Time Constants of Spin-Dependent Recombination Processes

TL;DR

This paper systematically measures and analyzes the time constants of spin-dependent recombination in semiconductors using pulsed EDMR, revealing the electron capture process and providing a rate equation model for current transients.

Contribution

It introduces a method combining optical excitation and pulsed spin manipulation to directly measure recombination and spin pair formation time constants, advancing understanding of spin-dependent processes.

Findings

Recombination time constants are measured directly.

Spin pair formation time depends on optical excitation intensity.
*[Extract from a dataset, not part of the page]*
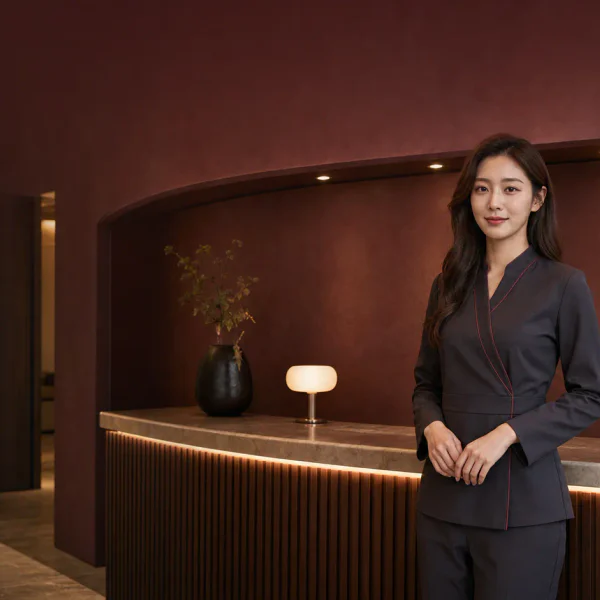 가든 윈터라운지 마사지 안내 이미지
Rate equations accurately model the current transients.

Abstract

We present experiments to systematically study the time constants of spin-dependent recombination processes in semiconductors using pulsed electrically detected magnetic resonance (EDMR). The combination of time-programmed optical excitation and pulsed spin manipulation allows us to directly measure the recombination time constants of electrons via localized spin pairs and the time constant of spin pair formation as a function of the optical excitation intensity. Using electron nuclear double resonance, we show that the time constant of spin pair formation is determined by an electron capture process. Based on these time constants we devise a set of rate equations to calculate the current transient after a resonant microwave pulse and compare the results with experimental data. Finally, we critically discuss the effects of different boxcar integration time intervals typically used to analyze pulsed EDMR experiments on the determination of the time constants. The experiments are performed on phosphorus-doped silicon, where EDMR via spin pairs formed by phosphorus donors and Si/SiO2 interface dangling bond defects is detected.